RECORDS TO USE ->
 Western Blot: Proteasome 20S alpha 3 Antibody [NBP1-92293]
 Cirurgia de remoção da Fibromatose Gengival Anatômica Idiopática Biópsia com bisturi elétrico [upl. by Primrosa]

* * *

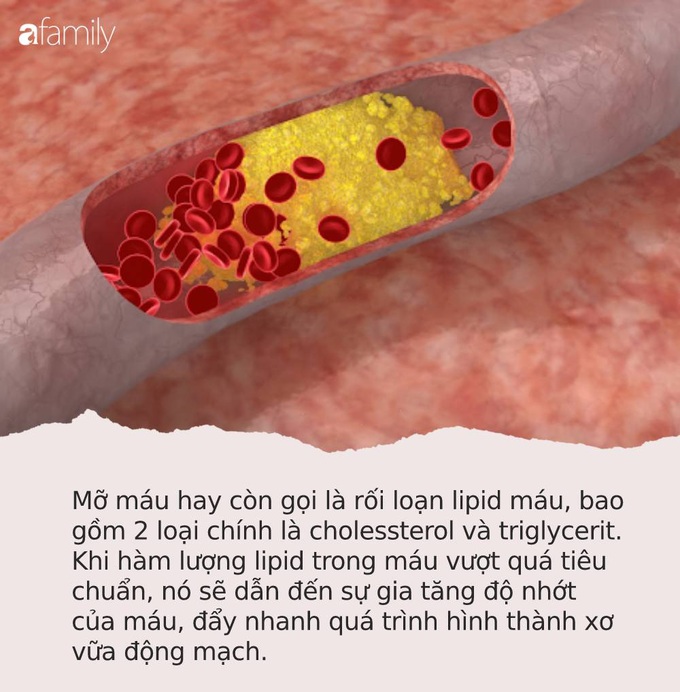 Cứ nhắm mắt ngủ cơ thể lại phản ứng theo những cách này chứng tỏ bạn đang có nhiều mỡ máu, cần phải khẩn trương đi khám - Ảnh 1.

==

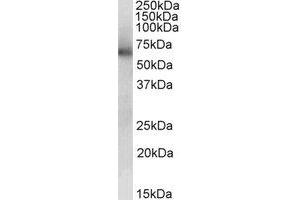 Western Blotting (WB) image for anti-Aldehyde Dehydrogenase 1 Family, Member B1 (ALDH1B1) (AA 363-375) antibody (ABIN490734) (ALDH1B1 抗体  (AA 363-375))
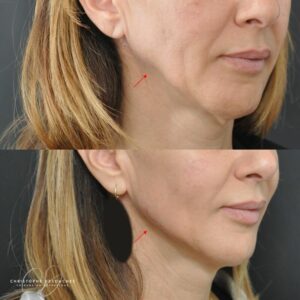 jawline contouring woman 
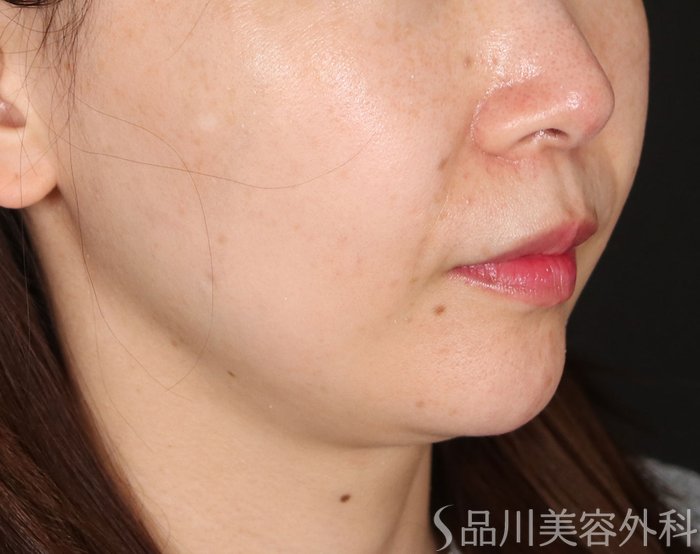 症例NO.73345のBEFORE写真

THE PROBLEM -> Print the lines above from the one with "Western Blot: Proteasome" through the one with "Cirurgia de remoção", both included, exactly as written and nothing more.

RESULT OF THE TASK ->
 Western Blot: Proteasome 20S alpha 3 Antibody [NBP1-92293]
 Cirurgia de remoção da Fibromatose Gengival Anatômica Idiopática Biópsia com bisturi elétrico [upl. by Primrosa]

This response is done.